La commission a examiné pour avis, sur le rapport de M. Jean-Louis Bernard, les crédits de l'armée de l'air pour 2003.

M. Jean-Louis Bernard, rapporteur pour avis, a exposé que l'évolution du titre III était marquée plus par celle des priorités de sa gestion que par celle de ses masses financières d'ensemble. Plus 2,9 %, soit plus 1,9 % en euros constants, c'est un peu plus de confort, ce n'est pas un changement radical. L'armée de l'air attache à sa gestion courante une attention remarquable, caractérisée notamment par une grande capacité d'anticipation, une démarche permanente d'adaptation de ses moyens et un souci constant des montants en jeu.

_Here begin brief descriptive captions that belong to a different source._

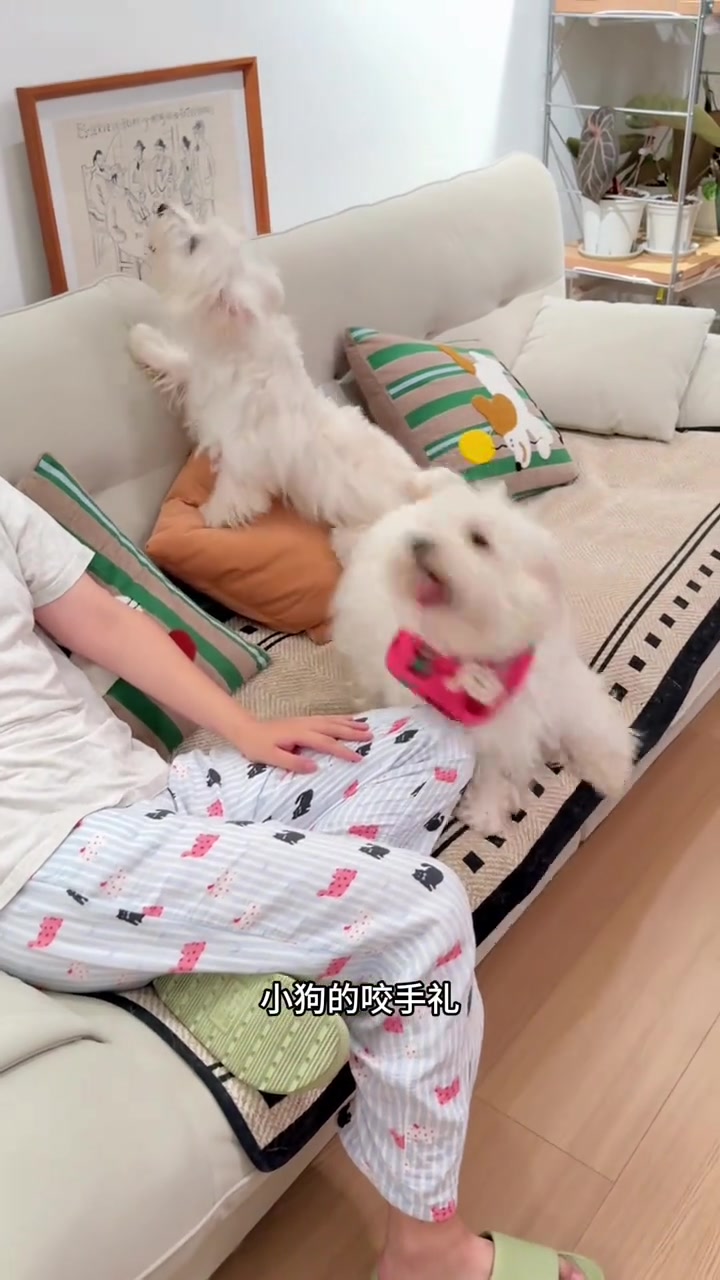 又带小狗去过生日喽
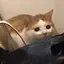 佳代子のプロフィール画像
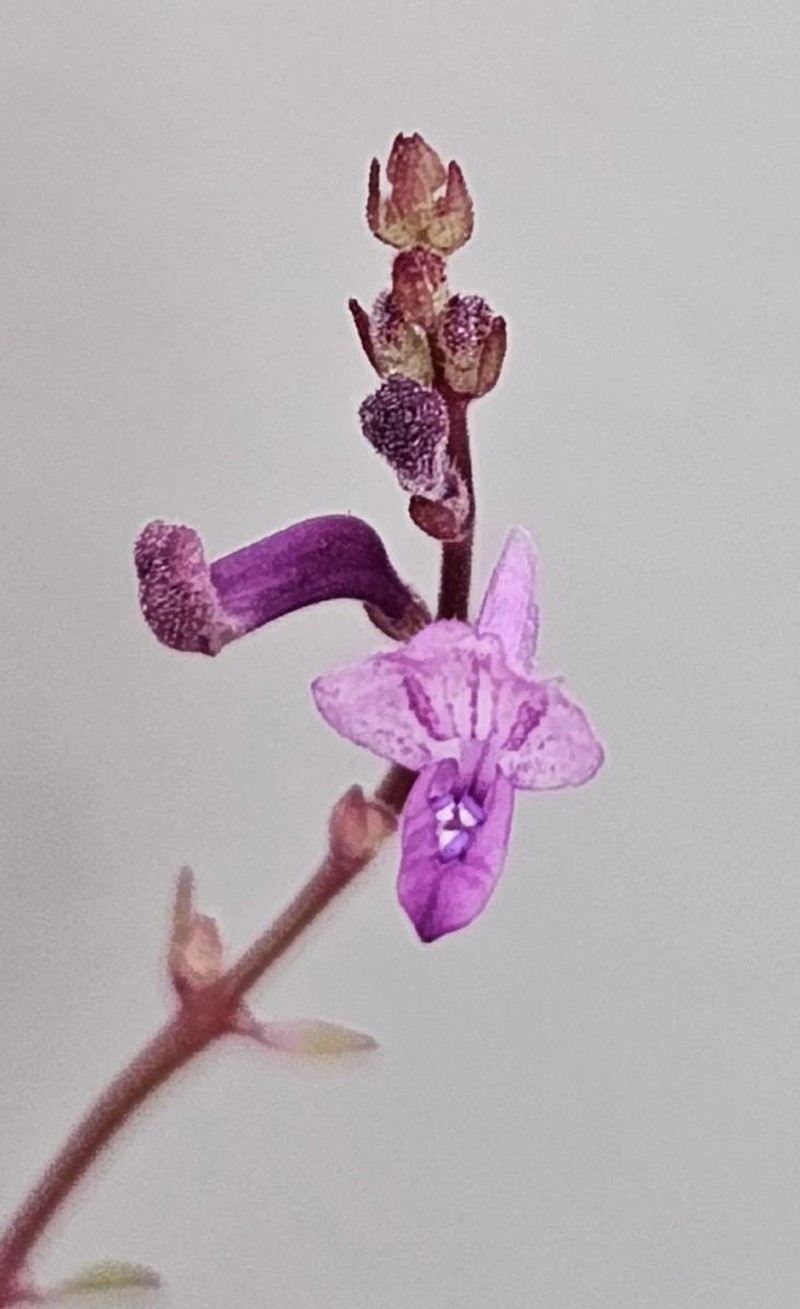Aeollanthus saxatilis photo 2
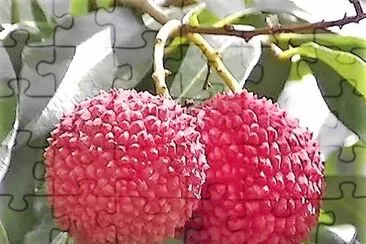 frutas jigsaw puzzle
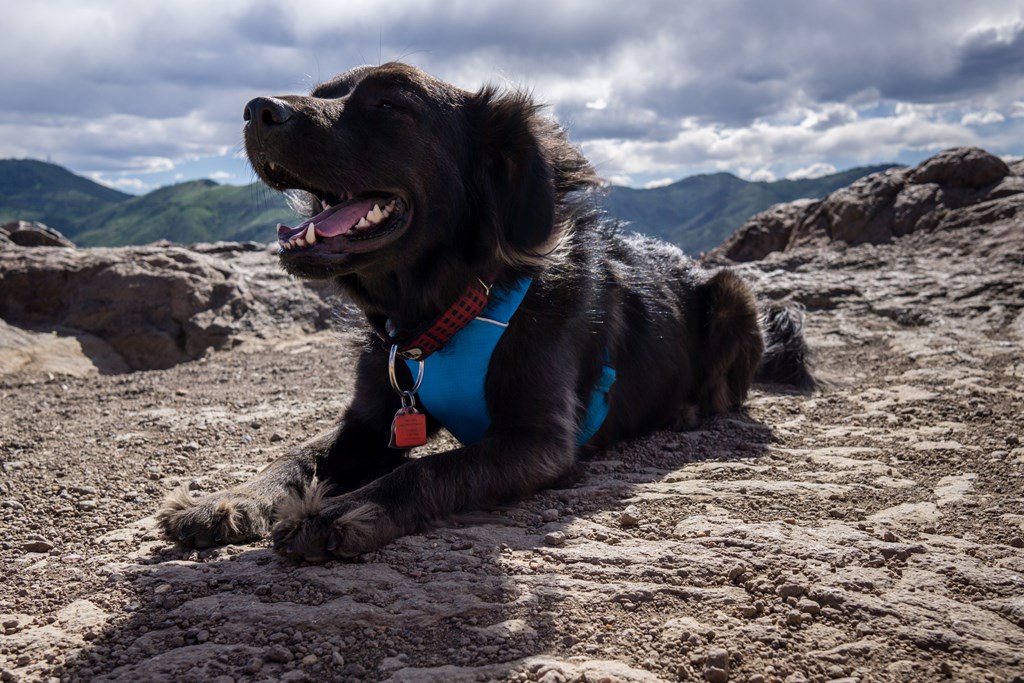 A mixed breed black dog on a hike in Golden, Colorado.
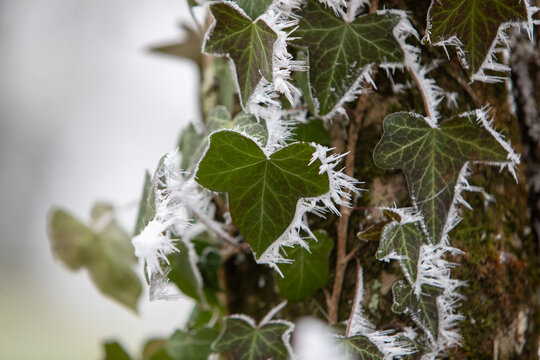 Gros plan de feuilles de lierre vertes recouvertes de givre sur un tronc d'arbre dans une for&ecirc;t. Sc&egrave;ne hivernale de for&ecirc;t hivernale avec des branches et des feuilles givr&eacute;es.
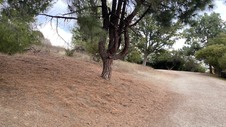 Enlarge photo 354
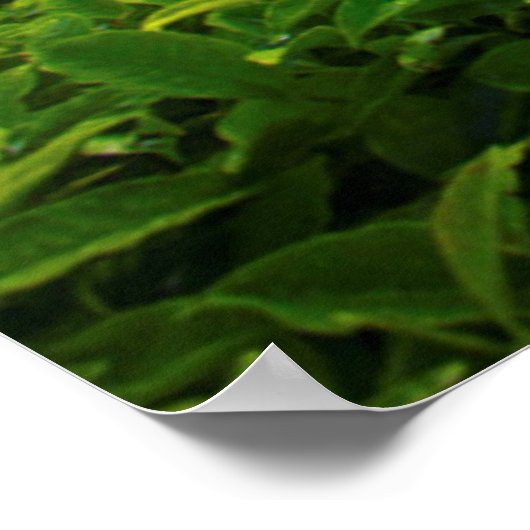 Sunrise over Tea Farm Poster (Ecke)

Le titre III est marqué par deux actions relatives l'une à l'entraînement, l'autre à l'entretien du matériel. L'armée de l'air a toujours rempli de 1997 à 2002 les normes quantitatives minimales d'entraînement. En 2002, elle avait anticipé sur la programmation 2003-2008, en entreprenant de satisfaire à des critères qualitatifs. Les objectifs qualitatifs fixés pour 2003 sont ainsi non pas une nouveauté par rapport à 2002, mais bien la poursuite d'une action plus ancienne. Le maintien en condition opérationnelle des équipements a été une préoccupation de la commission de la défense avant même d'être mise sur la place publique ; lors de l'examen du budget de l'armée de l'air pour 2000, elle avait approuvé à l'unanimité la création de la SIMMAD. A l'issue de ses entretiens, le rapporteur peut confirmer l'opinion positive et témoigner à la fois de l'ampleur de la tâche entreprise, des progrès considérables faits en deux ans et des bénéfices futurs à en attendre.

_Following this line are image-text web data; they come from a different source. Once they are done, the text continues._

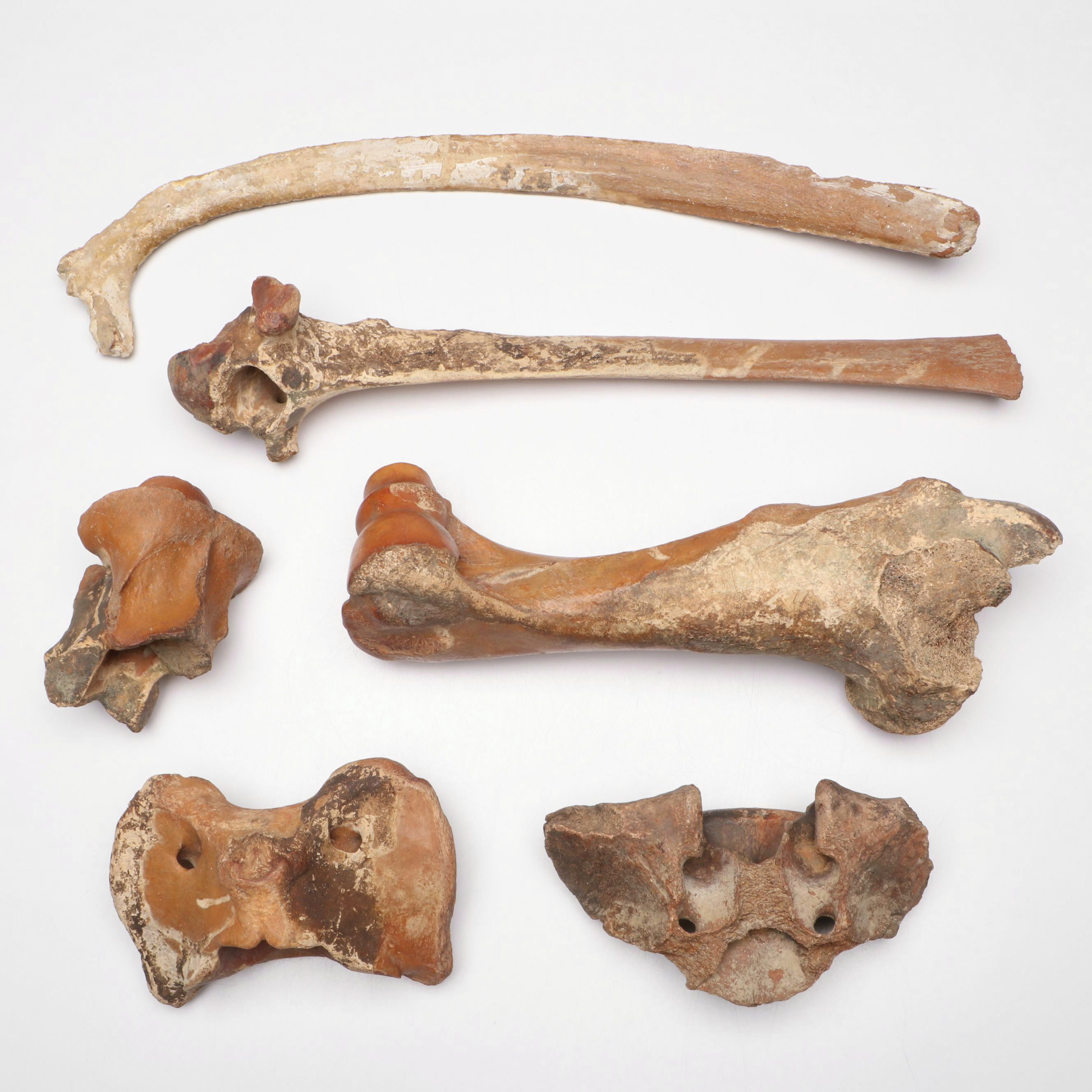 Big Bone Lick Fossil Mammal Femur, Humerus, Vertebrae Specimens, More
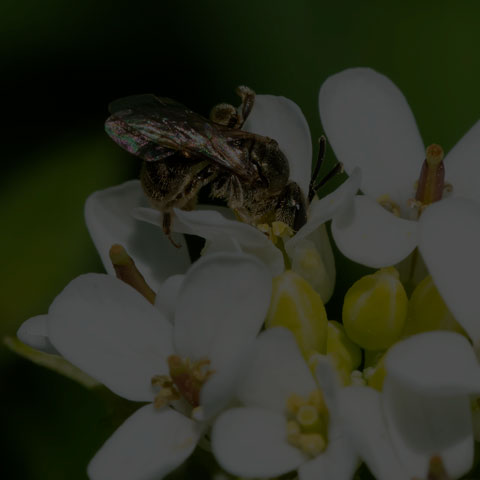 Metallic Sweat Bee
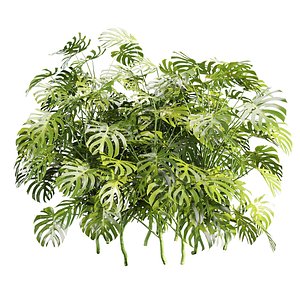 Outdoor Monstera Plants 509 model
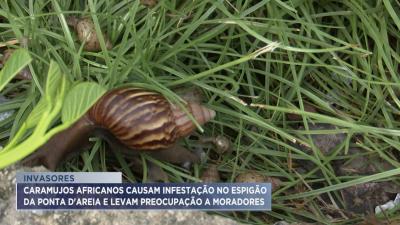 Caramujos africanos infestam Espigão da Ponta d'areia e levam preocupação a moradores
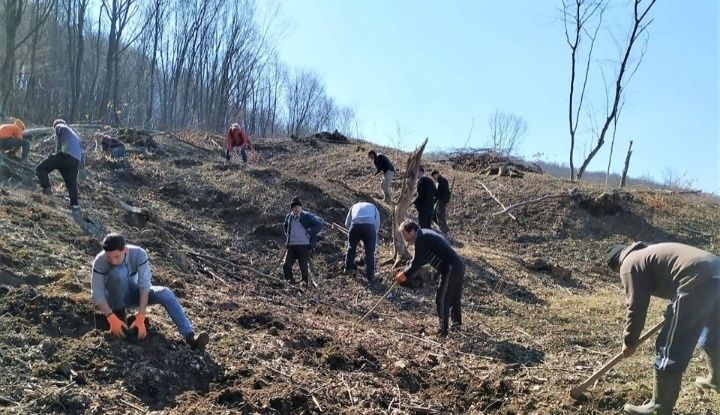 comercializăm puieți de salcâm pentru împădurirea terenurilor degradat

L'évolution des crédits du titre V, qui augmentent de 16,6 %, peut, quant à elle, être qualifiée de structurante. Ce n'est pas que l'armée de l'air souffrirait de lacunes criantes. Au contraire, il apparaît que, après l'US Air Force, l'armée de l'air française est sans doute la plus cohérente au monde. Les programmes d'équipement actuellement conduits par l'armée de l'air sont de nature à lui garantir le maintien de ce haut niveau opérationnel, qu'il s'agisse des systèmes de conduite d'opérations, de l'appareil Rafale, des missiles air-air Mica, des missiles de croisière SCALP, ou encore de l'A 400 M, du moins quand les partenaires de la France voudront bien débloquer ce dossier.

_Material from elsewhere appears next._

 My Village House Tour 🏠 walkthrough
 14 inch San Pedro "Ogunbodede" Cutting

L'armée de l'air se trouvait néanmoins de plus en plus à l'étroit dans son budget d'équipement, comme le montrait le taux de consommation des crédits. Le caractère contraint des montants alloués n'a pas été sans conséquence sur l'âge moyen des équipements. Eu égard à la nécessité du renouvellement du parc, un budget d'équipement en nette progression était donc nécessaire. L'an dernier, le général Job, qui avait dressé un bilan non insatisfaisant de la précédente programmation, avait en revanche souligné que le non-respect, même à la marge, des montants prévus par le précédent projet de loi de programmation 2003-2008 conduirait inéluctablement à une remise en cause du modèle d'armée 2015. Le projet de budget pour 2003 vient soulager ces inquiétudes.

Tout en félicitant le rapporteur pour l'objectivité de son exposé, M. Jean Michel a indiqué que les membres du groupe socialiste s'abstiendraient lors du vote sur les crédits.

Conformément aux conclusions du rapporteur, la commission a émis un avis favorable à l'adoption des crédits de l'armée de l'air pour 2003.